Supplied data

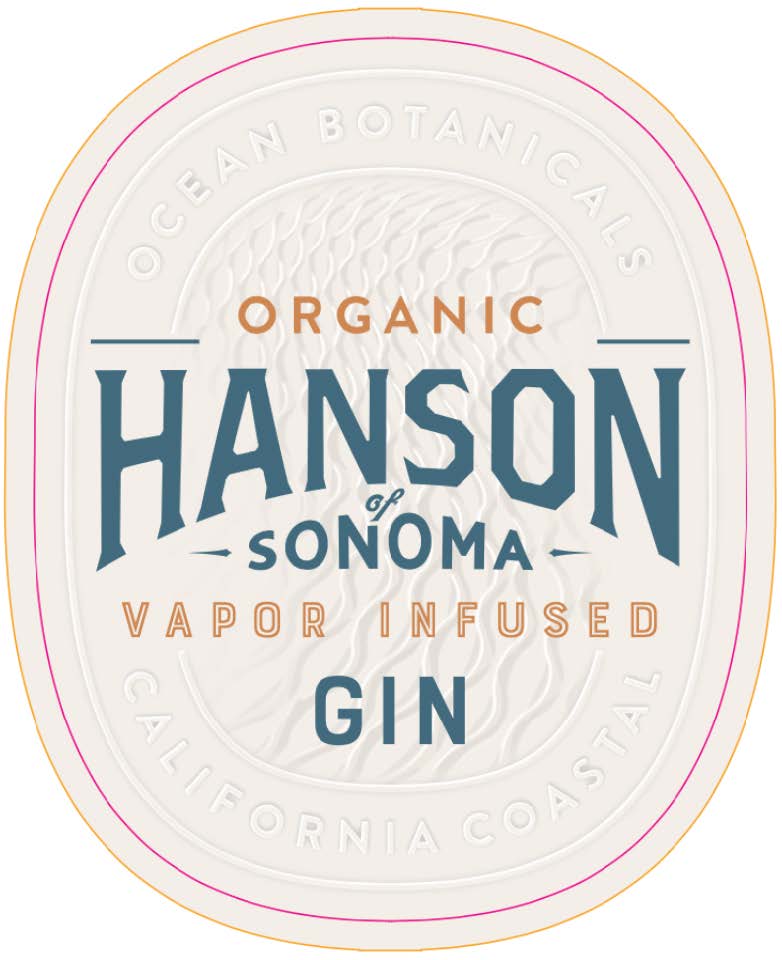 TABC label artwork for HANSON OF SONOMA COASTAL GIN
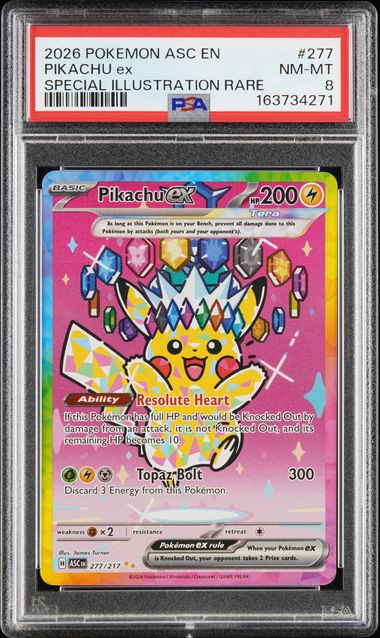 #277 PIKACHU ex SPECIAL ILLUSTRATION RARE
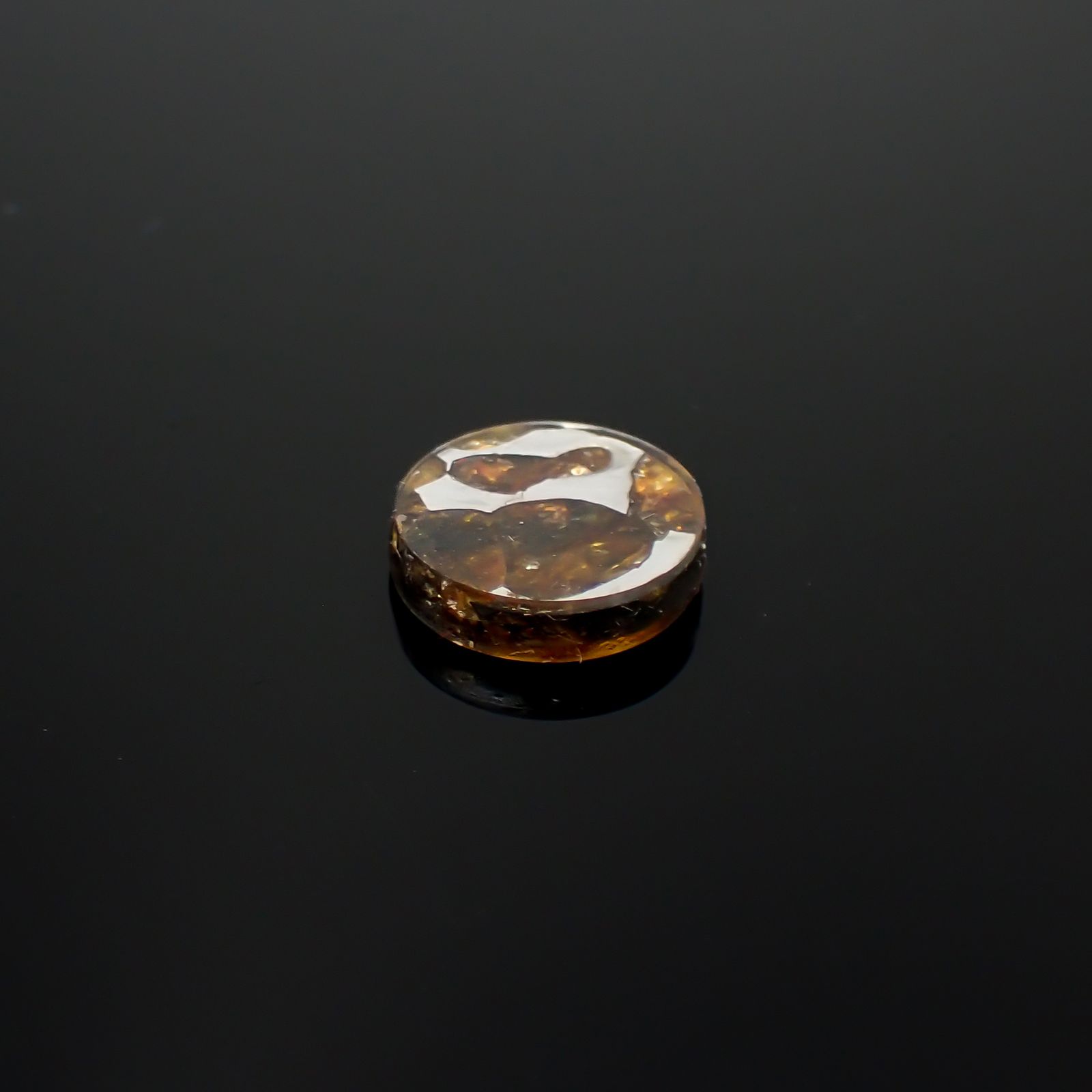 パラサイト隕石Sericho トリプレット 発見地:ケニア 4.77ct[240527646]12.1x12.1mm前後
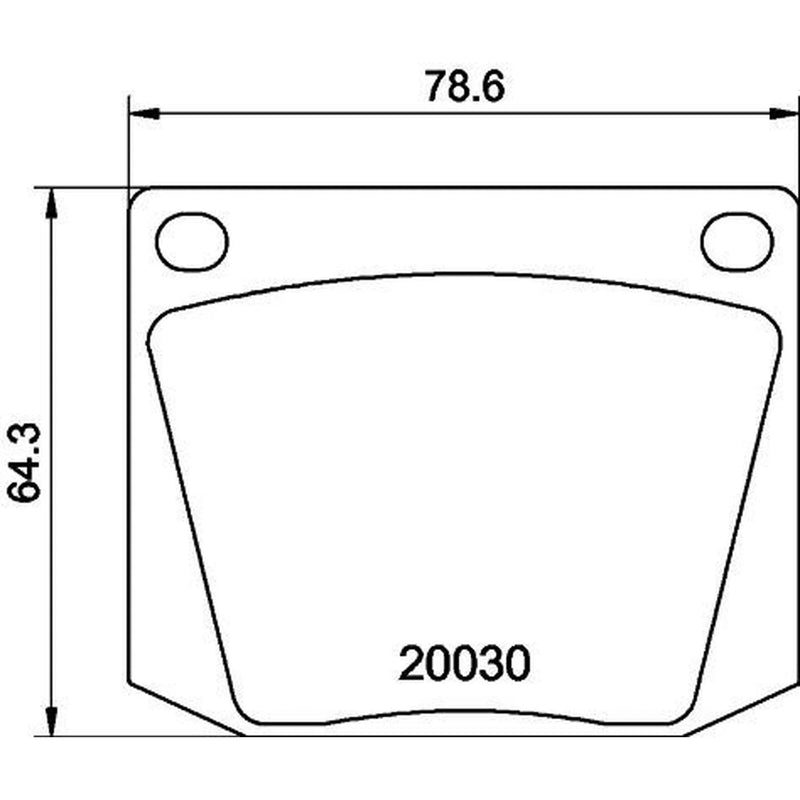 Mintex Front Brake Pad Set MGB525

Task objective
Look above for the line containing "#277 PIKACHU ex SPECIAL ILLUSTRATION RARE"; output that line and all lines after it through the last one exactly, without the pictures.

Expected output
 #277 PIKACHU ex SPECIAL ILLUSTRATION RARE
 パラサイト隕石Sericho トリプレット 発見地:ケニア 4.77ct[240527646]12.1x12.1mm前後
 Mintex Front Brake Pad Set MGB525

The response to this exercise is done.